University days also provided a string of memorable experiences thanks to the lunchtime concerts staged by the student union. Lodged in my memory is Australia’s answer to progressive rock, MacKenzie Theory, with Cleis Pearce whipping up a storm on her electric viola.
Scabrous outfit The 69ers also left an indelible impression, especially their scatological tune Bum Sweat, Crusty Bits and Stangers.
Music has a remarkable capacity to occupy our brains, attaching itself to specific times and places. As neuroscientists such as Daniel J. Levitin have shown, our physiological response to music is highly complex, engaging many different parts of the brain simultaneously.

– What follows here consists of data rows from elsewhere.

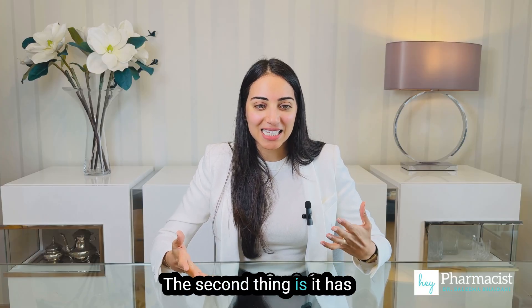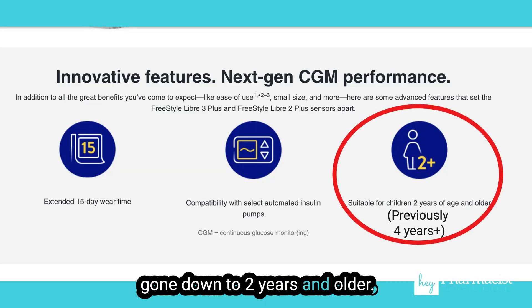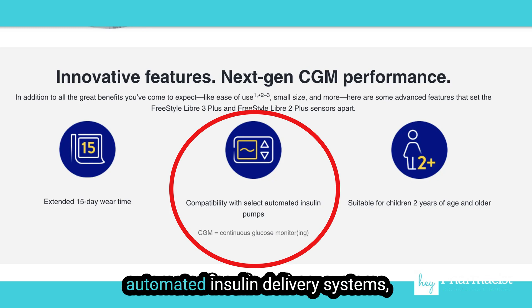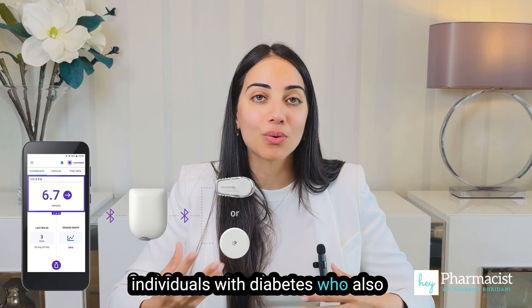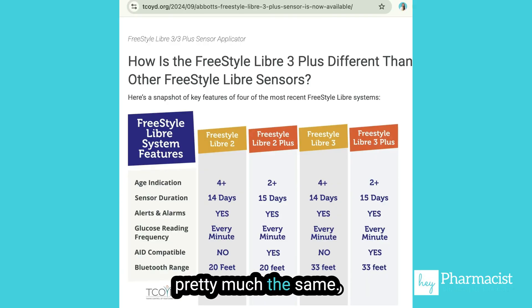The second thing is it has expanded coverage — it's gone down to two years and older. Lastly, it's built to be able to connect with some of our more automated insulin delivery systems, which can be super useful for many individuals with diabetes who also use these other types of devices. Everything else is pretty much the same.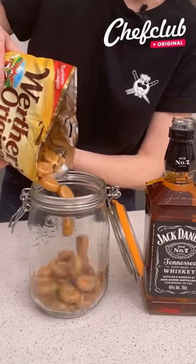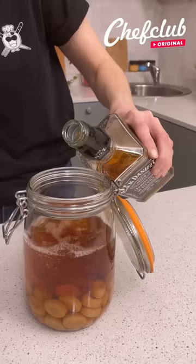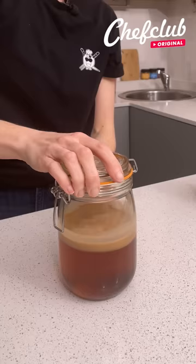I have some Werther's Hard Caramel. Now we're going to top that off with some Jack Daniels. We're going to give that a good shake. Ideally, you want to leave this for one week. We have some already prepared — you just have to swirl it around.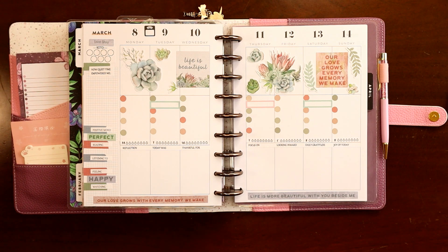I hope you liked this video and it gives you some ideas on how to do early spring decorating in your health and wellness planner. If it does, please consider liking and subscribing. Thank you!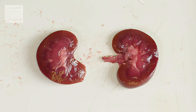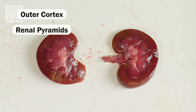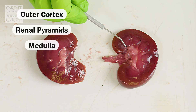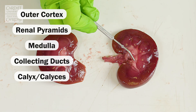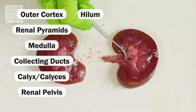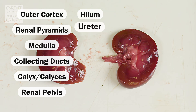So just to recap the anatomy: we have the outer cortex, we have the renal pyramids which collectively make up the medulla. The renal pyramids lead through the collecting ducts into calyces, and the calyces then lead to the renal pelvis, which leads to the hilum. Then the urine exits the hilum via the ureter.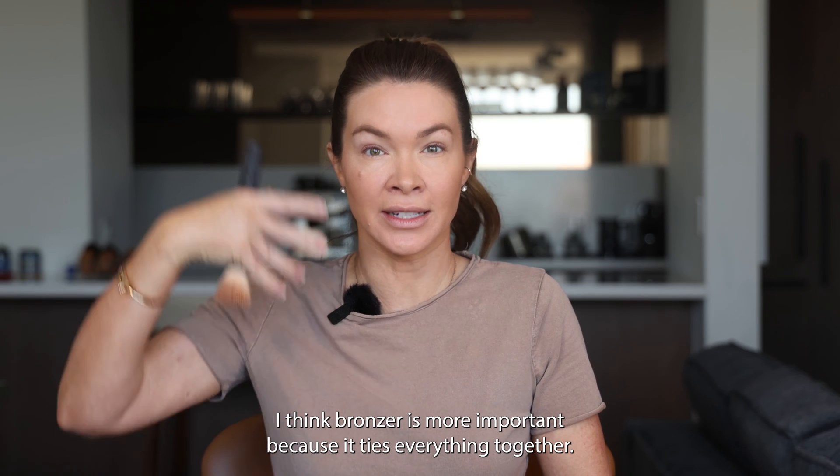Next up is lip gloss. My favorite color for Cute in Carpool is 'Thanks a Latte' because it's the perfect enhancement to a natural lip tone without glitter or frost. On the days that you don't have time to put on lipstick, liner, and gloss — look how pretty that is. You see my lips but they're not lips coming first.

Multiple-trace memory modelling suggests that specific memories are cross-coded with the context in which they were formed, and there’s nothing quite like music to prompt those unique memory cues with their time-specific setting. While repeated listening to old favourites diminishes their capacity to invoke memories, when we hear a song that we haven’t listened to for a long time the floodgates are often opened, triggering deep emotions and recollections.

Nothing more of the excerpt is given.